A Problem About Arithmetic And Geometric Sequences

Question

The problem I'm trying to solve is this:

The first three terms of a geometric sequence are also the first, eleventh and sixteenth terms of an arithmetic sequence. The terms of the geometric sequence are all different. The sum to infinity of the geometric sequence is 18. Find the common ration of the geometric sequence, and the common difference of the arithmetic sequence.
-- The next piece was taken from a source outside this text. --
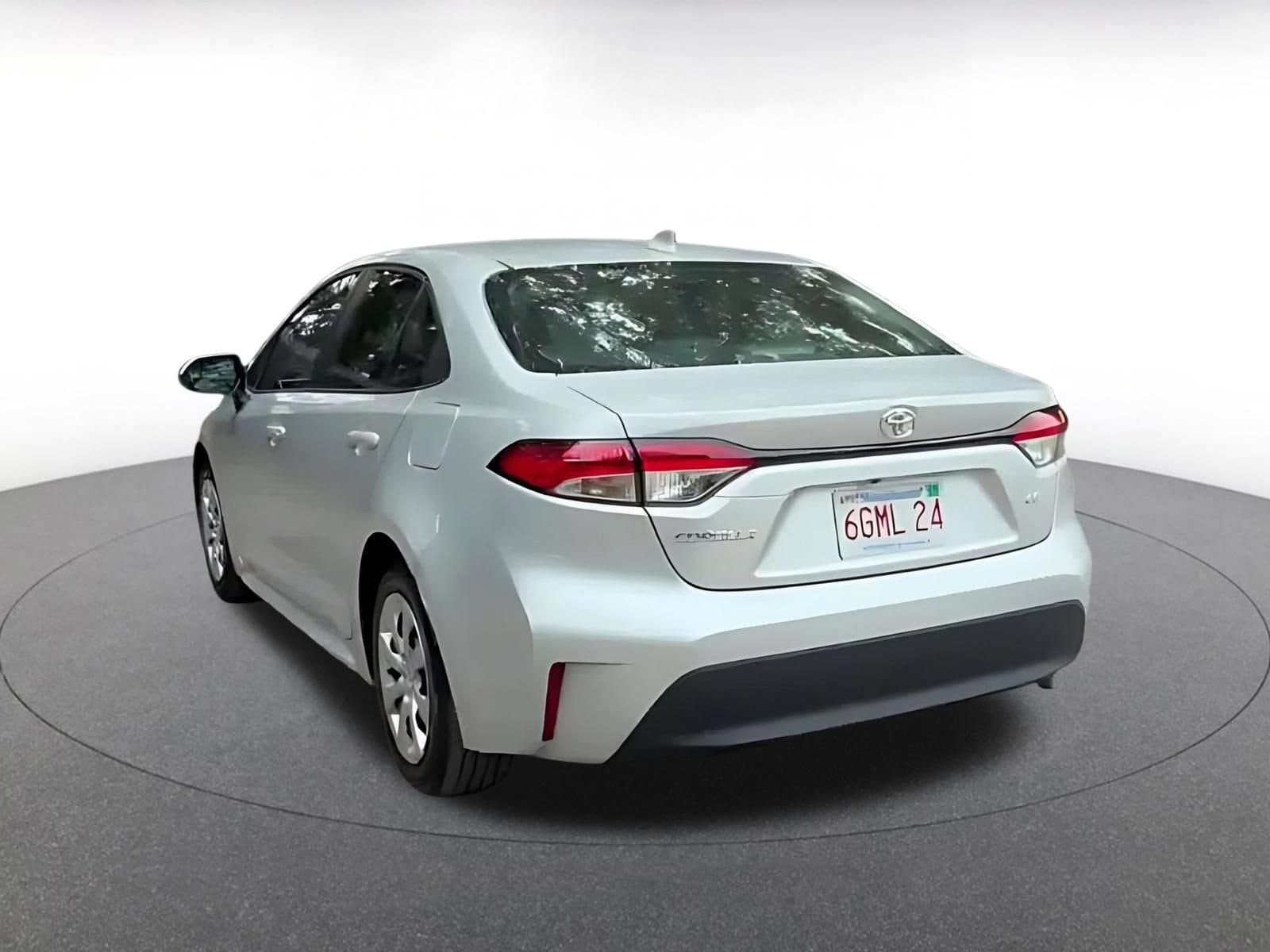 Thumbnail: 2025 Toyota Corolla - 11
What I've done so far is to write the following equations, where u is the first term, r is the common ratio, and d is the difference:

$ur=u+10d$

$ur^2=u+15d$

$u/(1-r)=18$

But I don't know what to do from there. Any suggestions?

Answer 1

I will use $a_1$ for the initial term of both sequences, $r$ for the common ratio of the geometric sequence, and $d$ for the common difference. Since the second term of the geometric sequence is the eleventh term of the arithmetic sequence, $$a_1r = a_1 + 10d$$ Subtracting the first term of the sequence from each side gives \begin{align*} a_1r - a_1 & = a_1 + 10d - a_1\\ a_1(r - 1) & = 10d \tag{1} \end{align*} Since the third term of the geometric sequence is equal to the sixteenth term of the geometric sequence, $$a_1r^2 = a_1 + 15d$$ Since the second term of the geometric sequence is equal to the eleventh term of the arithmetic sequence, equality is preserved if we subtract the second term of the geometric sequence from the left-hand side and the eleventh term of the arithmetic sequence from the right-hand side, which yields \begin{align*} a_1r^2 - a_1r & = a_1 + 15d - (a_1 + 10d)\\ a_1(r^2 - r) & = 5d\\ a_1r(r - 1) & = 5d \tag{2} \end{align*} Since the terms of the geometric sequence are all different, $a_1 \neq 0$ and $r \neq 1$. Moreover, the terms of the arithmetic sequence must be distinct, so $d \neq 0$. Thus, if we divide equation 2 by equation 1, we obtain $$r = \frac{1}{2}$$ Since the sum of the geometric series is $18$ and $r \neq 1$, $$a_1 \frac{1}{1 - r} = 18$$ Solve for $a_1$, then use the equation $a_1(r - 1) = 10d$ to solve for $d$.

Answer 2

You will get

$$a_2=a_1q,a_3=a_1q^2$$ and $$\sum_{k=0}^\infty a_1 q^k=a_1\frac{1}{1-q}$$ and $$a_1=b_1,a_2=b _1+10d,a_3=b_1+15d$$ Can you proceed? Using your equation you will get $$a_1=b_1$$ $$a_q=b_1+10d$$ $$a_1q^2=b_1+15d$$ Since $$a_1=b_1$$ we obtain $$a_1q=a_1+10d$$ $$a_1q^2=a_1+15d$$

eliminating $q$ we get $$a_1\left(\frac{a_1+10d}{a_1}\right)^2=a_1+15d$$

From here we get the equation $$5a_1d+100d^2=0$$

so $$a_1=-20d$$ if $$d\ne 0$$

Solving this we get $$q=\frac{1}{2}$$

Answer 3

Note that: $$b_1,b_2,b_3 \iff a_1,a_{11},a_{16} \Rightarrow \\ \begin{cases}b_2-b_1=10d \\ b_3-b_2=5d\end{cases} \Rightarrow \begin{cases}b_1(q-1)=10d \\ b_1(q^2-q)=5d\end{cases} \Rightarrow q=\frac12.\\ \frac{b_1}{1-q}=18 \Rightarrow b_1=9;\\ b_1(q-1)=10d \Rightarrow d=-\frac9{20}.\\$$

Answer 4

sup your logic is correct, the next step to solve the system of equations

$\begin{cases}ur=u+10d \space (1)\tag{1'}\label{1'} \\ ur^2=u+15d \space(2) \\ \frac{u}{1-r}=18 \space(3) \end{cases}$

And the system has solutions because it has 3 unknown variables ($u,r,d$) and the number of equations is also 3.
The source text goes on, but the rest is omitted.